Some hospitals now offer laughing gas for labor
Here in the United States, we have few options when it comes to pain relief during labor; the most well-known are epidurals, which leave you with no feeling whatsoever below the waist, and no medication at all, which leaves you riding the pain stallion until that baby is out. Now some hospitals are offering another choice: nitrous oxide, better known as laughing gas.
For many of us, laughing gas is that thing they give you at the dentist's office, and those of us who have had it remember it as a downright delightful experience. It was used by women in the U.S. to ease the pain of labor until the early 1900s when they learned that they could just be knocked the hell out for the whole thing and decided to go with that instead. But women in Europe have continued to use laughing gas during childbirth, and with more American women becoming interested in using as little medication as possible in labor, laughing gas is starting to make a comeback.
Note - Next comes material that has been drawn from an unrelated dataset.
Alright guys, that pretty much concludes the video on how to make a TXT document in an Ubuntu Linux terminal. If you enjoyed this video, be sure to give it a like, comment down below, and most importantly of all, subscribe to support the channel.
Laughing gas offers women a middle ground between getting an epidural and going without pain meds. Instead of completely blocking the pain the way an epidural does, nitrous oxide just takes the edge off it. In an interview with Self, Dr. Jacques Moritz of New York-Presbyterian and Weill Cornell Medical Center described the effect as going from a 10 to a 6 instead of a 10 to a 0, which is what epidurals do.
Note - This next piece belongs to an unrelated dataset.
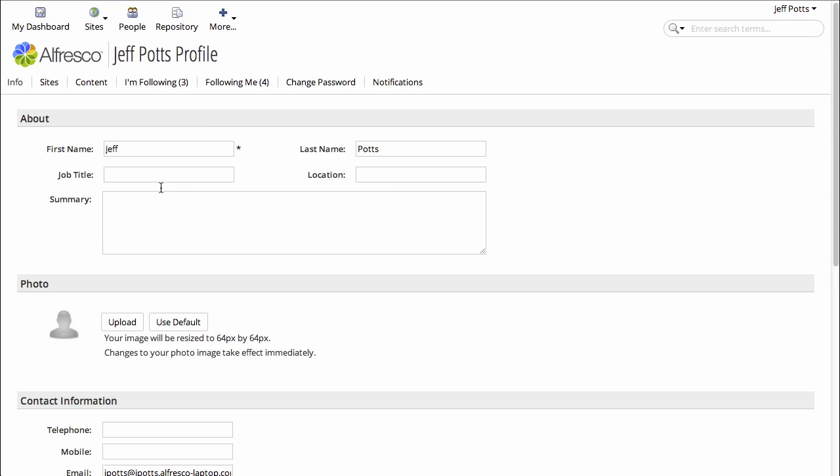Let's add my job title and my location to my profile. We might as well upload a picture.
(Note that, of course, this is just for vaginal births and not for C-sections, because girl, please.)
Laughing gas is delivered through an oxygen mask that the patient can administer herself. Once the pain starts to build during a contraction, the mother can take a few breaths of gas and then stop once she feels the effects. The gas then leaves the system after just a few seconds. It's the perfect solution for those moms who want to feel something and remain more involved in childbirth, but who don't want to feel the soul-crushing level of pain that can come with contractions.
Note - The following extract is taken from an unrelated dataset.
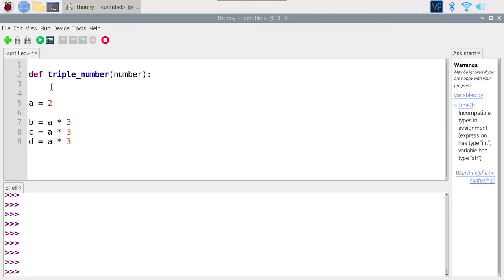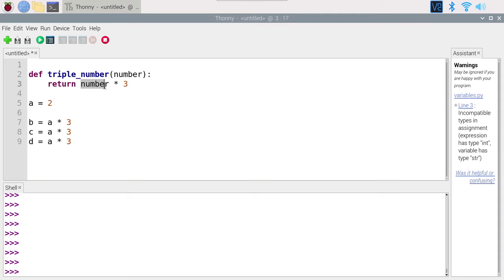Now what I can do inside that function is use any instruction I want. I can change a variable, change the data inside a variable, or print something. And finally, I can also return a value. When you add the return keyword — you can see it has a special color — you can return a value. So I'll write: return number times 3. When you use the return keyword, the function will exit and return whatever is on the right. So when I call triple_number with the number parameter, it returns three times the number parameter.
Though hundreds of hospitals and birth centers are now offering laughing gas, the American Society of Anesthesiologists believes that more research needs to be done into the use of laughing gas in labor since the little research we have on it is decades old. That's a fair point, but it's been widely used in Europe for some time now, and there is already some evidence that the risks are minimal. It's also important to point out that an increased use of laughing gas would mean a decreased use of anesthesiologists, but that's none of our business.
The use of nitrous oxide during labor appears to be a middle-of-the-road option for those women who don't want epidurals but also want to be able to control the amount of pain they experience. Women shouldn't have to choose between all or nothing — the more choices we have when it comes to what happens to our bodies, especially when it comes to an intense, life-changing experience like childbirth, the better it is for all of us.